On Thu, Oct 31, 2024 at 03:53:45PM +0000, Daniel P. Berrangé wrote:
> With code like
> 
>     Object *obj = object_new(TYPE_BLAH)
> 
> the caller can be pretty confident that they will successfully create
> an object instance of TYPE_BLAH. They know exactly what type has been
> requested, so it passing an abstract type for example, it is a clear
> programmer error that they'll get an assertion failure.
> 
> Conversely with code like
> 
>    void somefunc(const char *typename) {
>       Object * obj = object_new(typename)
>       ...
>    }
> 
> all bets are off, because the call of object_new() knows nothing
> about what 'typename' resolves to. It could easily be an abstract
> type. As a result, many code paths have added a manual check ahead
> of time
> 
>    if (object_class_is_abstract(typename)) {
>       error_setg(errp, ....)
>    }
> 
> ...except for where we forget to do this, such as qdev_new().
> 
> Overall 'object_new' is a bad design because it is inherantly
> unsafe to call with unvalidated typenames.
> 
> This problem is made worse by the proposal to introduce the idea
> of 'singleton' classes[1].
> 
> Thus, this series suggests a way to improve safety at build
> time.
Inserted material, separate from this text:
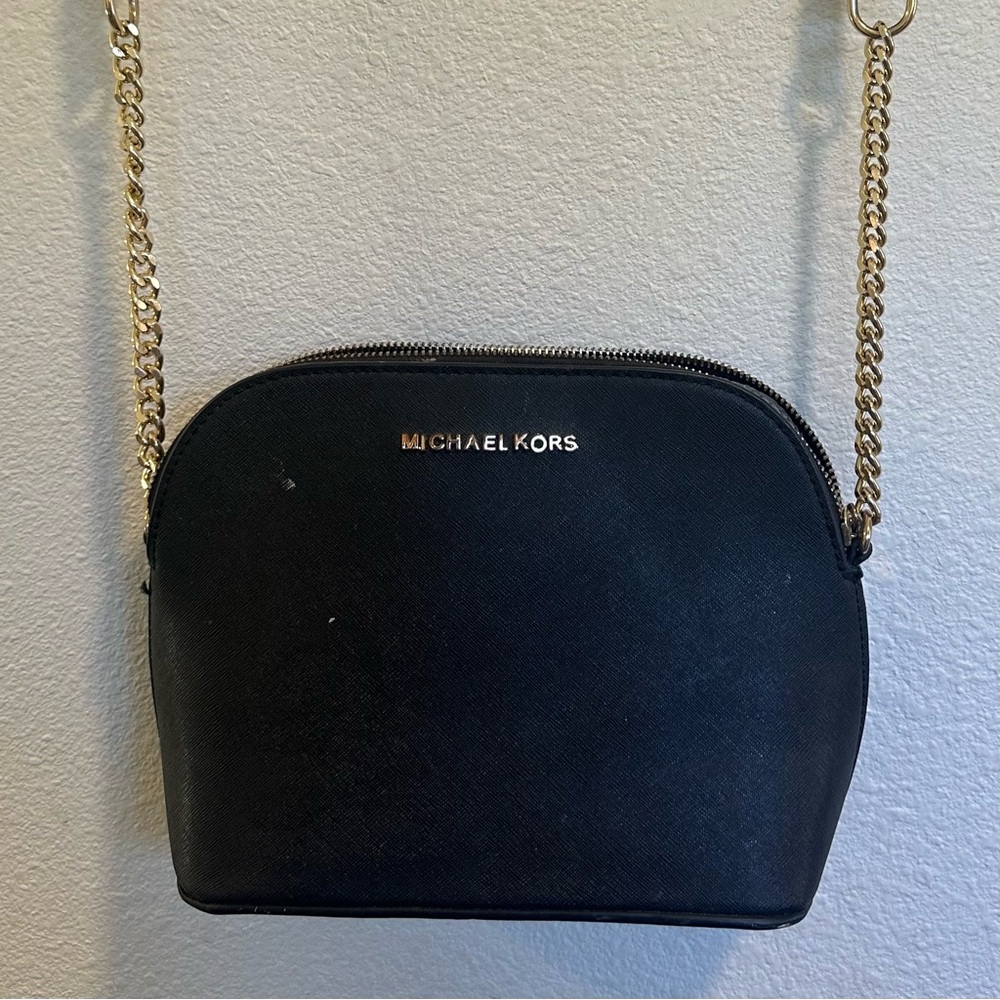 Micheal Kors over the shoulder small bag. Black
The core idea is to allow 'object_new' to continue to be
> used *if-and-only-if* given a static, const string, because that
> scenario indicates the caller is aware of what type they are
> creating at build time.
> 
> A new 'object_new_dynamic' method is proposed for cases where
> the typename is dynamically chosen at runtime. This method has
> an "Error **errp" parameter, which can report when an abstract
> type is created, leaving the assert()s only for scenarios which
> are unambiguous programmer errors.
> 
> With a little macro magic, we guarantee a compile error is
> generated if 'object_new' is called with a dynamic type, forcing
> all potentially unsafe code over to object_new_dynamic.
> 
> This is more tractable than adding 'Error **errp' to 'object_new'
> as only a handful of places use a dynamic type name.
> 
> NB, this is an RFC as it is not fully complete.
> 
>  * I have only converted  enough object_new -> object_new_dynamic
>    to make the x86_64-softmu target compile. It probably fails on
>    other targets.
> 
>  * I have not run any test suites yet, so they may or may not pass
> 
>  * I stubbed qdev_new to just pass &error_fatal. qdev_new needs
>    the same conceptual fix to introcce qdev_new_dynamic with
>    the macro magic to force its use

I suppose this is the only missing path in my patch 1 in qdev_new()..
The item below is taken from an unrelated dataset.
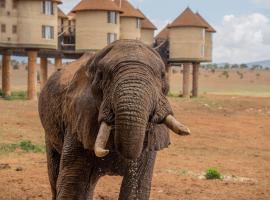 Salt Lick Safari Lodge, hotel u gradu Tsavo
Even if we don't convert all of them, at least we can still convert the
easiest (qdev_device_add_from_qdict()) so as to drop the abstract check in
qdev_get_device_class().

The other one we can drop already after this series applied is the one in
char_get_class().  I think after that, all explicit abstract checks for
for object instantiations should be all gone.